GIVEN DATA:
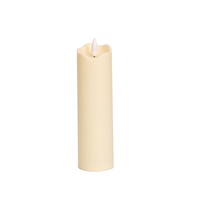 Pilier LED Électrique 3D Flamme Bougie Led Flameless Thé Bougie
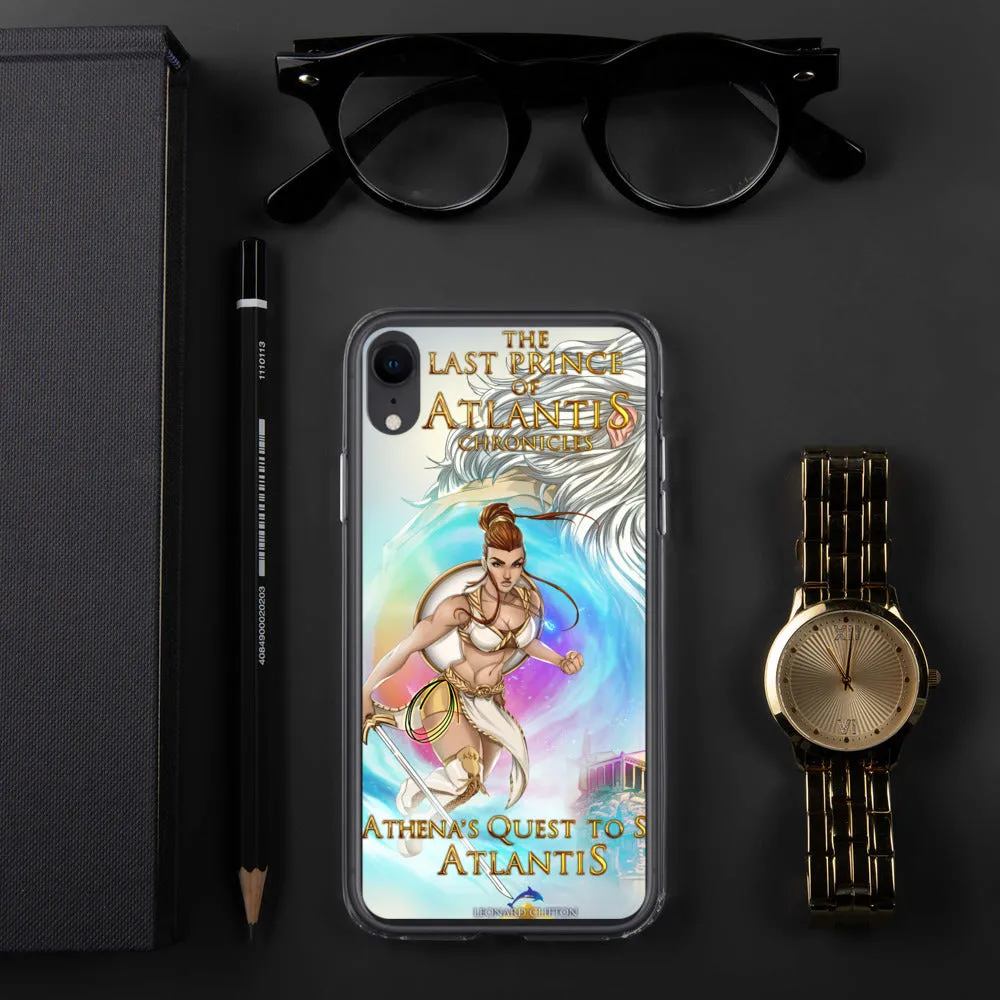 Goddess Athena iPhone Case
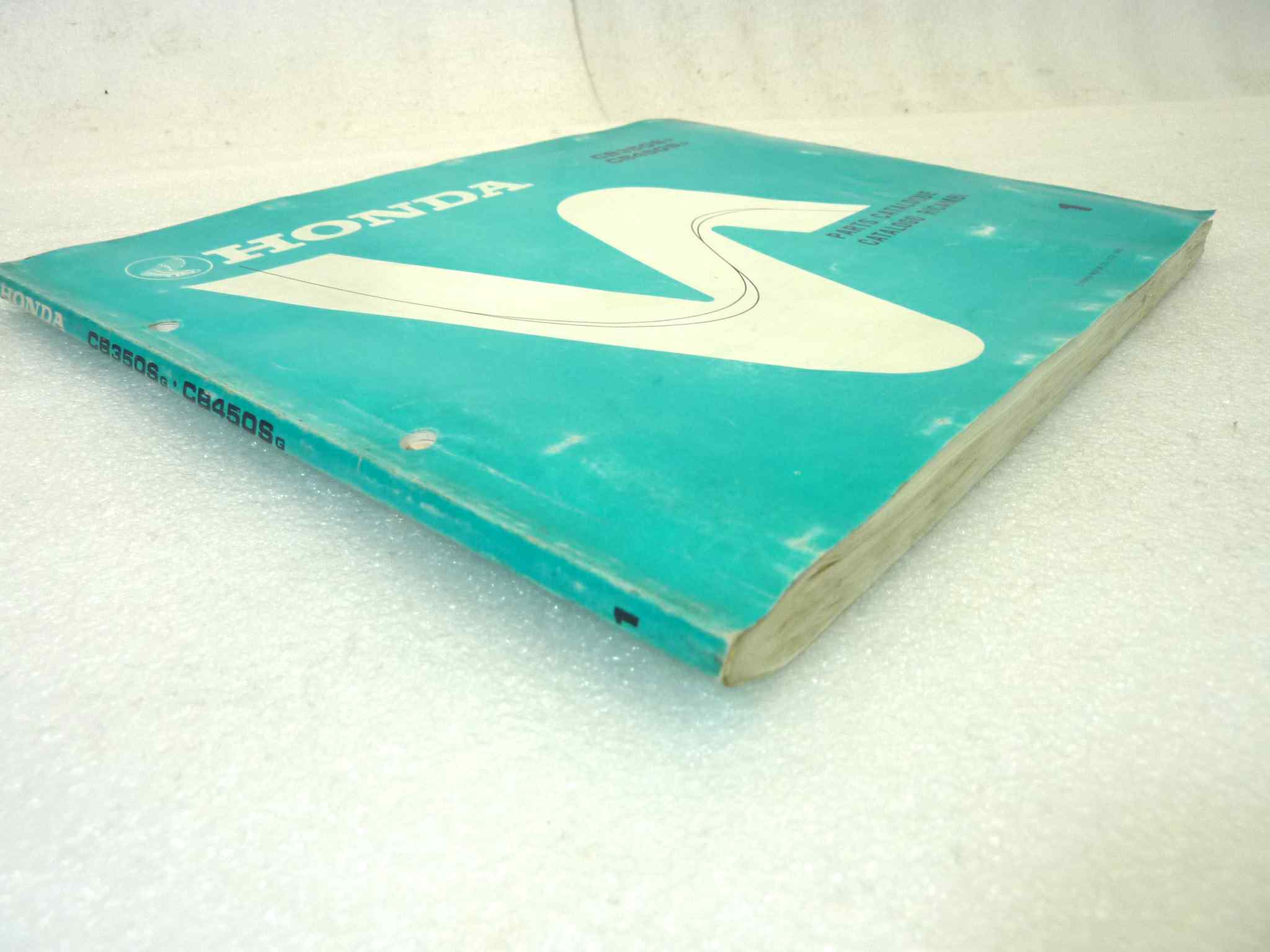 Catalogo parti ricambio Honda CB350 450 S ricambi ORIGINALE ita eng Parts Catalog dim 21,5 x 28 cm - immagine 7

GOAL OF THE EXERCISE: Write out the material above exactly. Skip the pictures.

EXPECTED ANSWER:
 Pilier LED Électrique 3D Flamme Bougie Led Flameless Thé Bougie
 Goddess Athena iPhone Case
 Catalogo parti ricambio Honda CB350 450 S ricambi ORIGINALE ita eng Parts Catalog dim 21,5 x 28 cm - immagine 7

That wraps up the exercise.